2009年01月18日(日) 「007 慰めの報酬」




昨日夫と先行上映で観てきました。う〜んと・・・。出来が悪いとは思いませんが、あまり楽しめませんでした。そこそこの出来のアクション映画であって、果たして「007」の冠をつける必要があるのか?と、ずーと感じながらの鑑賞でした。

前作「カジノ・ロワイヤル」から数時間後、愛するベスパーの死の復讐を誓い、真相を探るべく、ボンド(ダニエル・クレイグ)はハイチに飛びます。そこで訳ありの美女カミーユ(オリガ・キュレリンコ)と出会い、彼女を通じて、ドミニク・グリーン(マチュー・アマルリック)の存在を知ります。ドミニクは環境団体を装いながら、その実ボリビアの天然資源を独占し、世界支配を目論んでいました。

地味です。ゴージャスさが全然足りん!ユーモアも足りん!知性も足りん!セクシーさも足りん!荒唐無稽な面白さがなく、リアル一辺倒!

ボンドに望むことは、人それぞれだと思います。私が望んでいるのは↑に書いた足りない部分で、現実ではあり得ない、だけどあったら面白いだろうなという武器やプロット、ボンドのゴージャスなライフスタイルを見せてもらうことです。それで浮世の憂さ晴らしがしたいわけですよ。別にボンドで「ジェイソン・ボーンシリーズ」を観たいとは思いません。

監督のマーク・フォースターは、アクションは初めて撮ったはずで、そういう意味では及第点はあげられますが、最初のカーアクションは小手調べとしてはまずまずでしたが、その後のマヤカシ系の身体能力誇示アクションは、前作の焼き直しです。前作ではボンドの年齢が若返った象徴のように感じ、好感触でしたが、二度続くと新鮮味なし。アクション場面も爆破や素手、銃撃戦など、それなりに上手く撮っていますが、褒めるほどのもんでもなかったです。歌劇「トスカ」上演中に事が起こるのですが、もっと「トスカ」を前面に出しながらの工夫は出来なかったんでしょうか?舞台の様子をきちんと描くことで、ぐーんと豪華さは増したはず。

私がイメージするボンドとは、ワイルドにして知的、ユーモアがありエレガント、そしてセクシーです。一言で言うと「洗練された強い大人の男性」です。前作でのボンドの造形では、まだビギニングということもあって、新鮮味に軍配を上げましたが、今回は違和感バリバリ。クレイグのブルーカラー的荒削りボンドは、それはそれで魅力も値打も認めます。でも申し訳ないけど、私の趣味じゃないわ。

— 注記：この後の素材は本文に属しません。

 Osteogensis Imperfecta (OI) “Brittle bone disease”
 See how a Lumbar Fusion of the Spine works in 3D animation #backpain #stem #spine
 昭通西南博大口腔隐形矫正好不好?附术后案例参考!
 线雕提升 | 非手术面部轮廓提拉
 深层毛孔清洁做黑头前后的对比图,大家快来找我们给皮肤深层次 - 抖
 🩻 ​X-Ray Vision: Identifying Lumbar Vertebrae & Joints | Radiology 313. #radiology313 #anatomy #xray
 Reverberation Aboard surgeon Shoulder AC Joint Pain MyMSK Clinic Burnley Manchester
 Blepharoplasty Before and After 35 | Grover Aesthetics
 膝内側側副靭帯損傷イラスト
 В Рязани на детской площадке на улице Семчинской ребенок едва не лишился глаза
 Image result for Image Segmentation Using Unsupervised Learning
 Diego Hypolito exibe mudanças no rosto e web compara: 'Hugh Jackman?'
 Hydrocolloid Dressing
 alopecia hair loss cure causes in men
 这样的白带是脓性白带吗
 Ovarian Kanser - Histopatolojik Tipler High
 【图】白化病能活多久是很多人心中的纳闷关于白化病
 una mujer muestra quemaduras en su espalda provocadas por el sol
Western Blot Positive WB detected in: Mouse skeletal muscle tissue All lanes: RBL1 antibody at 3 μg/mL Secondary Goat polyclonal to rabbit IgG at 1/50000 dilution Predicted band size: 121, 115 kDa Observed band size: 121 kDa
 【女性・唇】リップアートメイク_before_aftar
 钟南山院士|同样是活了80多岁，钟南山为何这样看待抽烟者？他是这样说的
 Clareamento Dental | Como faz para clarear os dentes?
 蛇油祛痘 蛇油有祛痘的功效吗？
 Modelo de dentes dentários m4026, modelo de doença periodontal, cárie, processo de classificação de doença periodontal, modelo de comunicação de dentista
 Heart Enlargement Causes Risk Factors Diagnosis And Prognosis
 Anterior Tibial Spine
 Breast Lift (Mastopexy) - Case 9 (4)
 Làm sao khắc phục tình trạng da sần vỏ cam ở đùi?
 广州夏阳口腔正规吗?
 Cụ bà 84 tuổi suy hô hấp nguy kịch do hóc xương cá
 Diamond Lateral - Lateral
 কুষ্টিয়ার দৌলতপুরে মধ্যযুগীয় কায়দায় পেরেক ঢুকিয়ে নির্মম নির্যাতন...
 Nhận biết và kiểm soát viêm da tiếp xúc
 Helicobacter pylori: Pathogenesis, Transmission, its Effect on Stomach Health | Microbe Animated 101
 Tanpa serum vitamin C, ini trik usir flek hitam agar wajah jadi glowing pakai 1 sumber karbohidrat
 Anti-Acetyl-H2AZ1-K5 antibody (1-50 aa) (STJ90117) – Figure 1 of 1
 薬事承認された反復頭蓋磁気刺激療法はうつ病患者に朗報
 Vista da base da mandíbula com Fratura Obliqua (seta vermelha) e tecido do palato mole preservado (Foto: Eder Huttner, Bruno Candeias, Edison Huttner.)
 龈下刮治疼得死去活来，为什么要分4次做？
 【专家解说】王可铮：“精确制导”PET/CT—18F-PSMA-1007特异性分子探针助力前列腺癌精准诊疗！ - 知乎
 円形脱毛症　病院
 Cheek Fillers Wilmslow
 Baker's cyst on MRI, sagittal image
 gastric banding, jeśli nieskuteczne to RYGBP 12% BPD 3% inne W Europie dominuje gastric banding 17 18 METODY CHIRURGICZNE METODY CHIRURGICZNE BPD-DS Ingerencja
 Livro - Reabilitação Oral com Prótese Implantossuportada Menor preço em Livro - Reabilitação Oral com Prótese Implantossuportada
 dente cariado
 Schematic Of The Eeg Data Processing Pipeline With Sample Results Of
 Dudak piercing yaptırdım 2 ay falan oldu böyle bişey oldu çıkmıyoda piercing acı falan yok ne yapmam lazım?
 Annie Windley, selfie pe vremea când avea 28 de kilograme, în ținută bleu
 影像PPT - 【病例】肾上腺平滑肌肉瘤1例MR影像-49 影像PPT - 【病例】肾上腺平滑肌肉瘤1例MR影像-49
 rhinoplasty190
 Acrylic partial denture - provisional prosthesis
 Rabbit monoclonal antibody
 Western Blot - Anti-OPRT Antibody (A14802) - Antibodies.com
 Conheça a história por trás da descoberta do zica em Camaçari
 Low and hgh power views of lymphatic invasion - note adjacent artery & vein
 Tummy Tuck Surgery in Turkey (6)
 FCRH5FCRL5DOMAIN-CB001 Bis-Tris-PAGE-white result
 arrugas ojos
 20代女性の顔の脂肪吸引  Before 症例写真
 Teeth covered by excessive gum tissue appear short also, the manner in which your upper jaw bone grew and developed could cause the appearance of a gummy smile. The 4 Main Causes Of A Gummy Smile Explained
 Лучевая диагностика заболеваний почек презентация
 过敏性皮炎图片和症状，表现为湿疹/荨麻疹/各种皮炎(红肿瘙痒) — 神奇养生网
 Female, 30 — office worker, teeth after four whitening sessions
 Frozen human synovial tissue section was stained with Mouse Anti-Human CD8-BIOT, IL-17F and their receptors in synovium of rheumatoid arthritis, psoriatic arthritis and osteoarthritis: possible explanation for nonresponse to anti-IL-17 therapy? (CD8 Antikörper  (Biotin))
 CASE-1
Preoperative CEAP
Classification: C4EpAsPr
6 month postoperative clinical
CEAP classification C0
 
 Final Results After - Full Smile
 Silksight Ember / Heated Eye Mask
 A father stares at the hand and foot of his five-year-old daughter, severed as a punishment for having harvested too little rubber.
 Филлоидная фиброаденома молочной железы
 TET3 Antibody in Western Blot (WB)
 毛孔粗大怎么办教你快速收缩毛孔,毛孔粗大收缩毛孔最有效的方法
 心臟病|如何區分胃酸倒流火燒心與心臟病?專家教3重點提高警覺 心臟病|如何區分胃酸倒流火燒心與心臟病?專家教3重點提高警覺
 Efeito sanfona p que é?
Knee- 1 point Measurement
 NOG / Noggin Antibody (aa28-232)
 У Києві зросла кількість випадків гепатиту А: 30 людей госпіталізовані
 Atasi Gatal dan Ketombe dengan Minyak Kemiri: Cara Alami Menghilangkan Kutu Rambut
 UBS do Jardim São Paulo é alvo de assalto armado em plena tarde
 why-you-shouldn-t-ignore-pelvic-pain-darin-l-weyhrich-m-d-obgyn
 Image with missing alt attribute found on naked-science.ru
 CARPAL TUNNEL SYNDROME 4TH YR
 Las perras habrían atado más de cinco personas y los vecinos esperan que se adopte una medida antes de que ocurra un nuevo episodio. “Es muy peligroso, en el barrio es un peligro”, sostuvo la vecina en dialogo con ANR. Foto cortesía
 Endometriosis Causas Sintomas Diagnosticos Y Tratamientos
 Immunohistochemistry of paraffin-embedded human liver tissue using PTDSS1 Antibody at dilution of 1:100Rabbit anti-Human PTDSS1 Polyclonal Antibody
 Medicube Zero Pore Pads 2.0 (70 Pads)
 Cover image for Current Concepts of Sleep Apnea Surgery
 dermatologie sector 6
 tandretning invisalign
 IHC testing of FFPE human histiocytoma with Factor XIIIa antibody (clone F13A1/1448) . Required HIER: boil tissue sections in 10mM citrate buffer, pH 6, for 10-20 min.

敵役のドミニクの造形も、これまで魅力的だったお歴々のような愛嬌がなく、ひたすら非情さを感じさせながら必要悪のようにも描き、よくわかりません。演じるアマルリックはとても良い役者ですが、このキャラでは、彼の演技力を持ってもどうしようもなし。脚本はポール・ハギスなので大いに期待しましたが、社会派娯楽作の側面を出そうとして、中途半端に終わったと感じました。この辺も私が「007」に望んでいることと、大幅に隔たりがあります。

ボンドガールもなぁ。キュレリンコも個人的には魅力が薄かったです。ずっと表情が硬く、柔らかさがないです。あの背中は、過去の火事での火傷を表しているんでしょうか?そんなリアリティ、「007」には不要です(あぁ、どうしよう、段々ボルテージが上がる・・・)。過去の美女軍団とは言いませんが、匂い立つヨーロッパの香りに、可憐な幼さも見え隠れさせた前作のエヴァ・グリーンよりも、数段劣ると思います。もう一人のボンドガール、「ツンデレ系」ミス・フィールズ役のジェマ・アーダートンの方が、数段チャーミングでした。それとM(ジュディ・デンチ)がお化粧落とすシーンがありましたが、これも不要。それってMの威厳が薄まるし、彼女のことお母さん的役割にしたいのでしょうか?確かに部下は「マム」とは呼んでますが、ある種尊敬を意味する言葉のハズです。年配の女とみりゃ、全てお母さん役にするなっての。

というわけで、書く前より書いているうちに、不満が増大してしまいました。過去のボンドに思い入れがない人には、受け入れられる作品だと思います。でも私には無理。次回は荒唐無稽な大いなるマンネリボンドが復活していることを、切に望みます。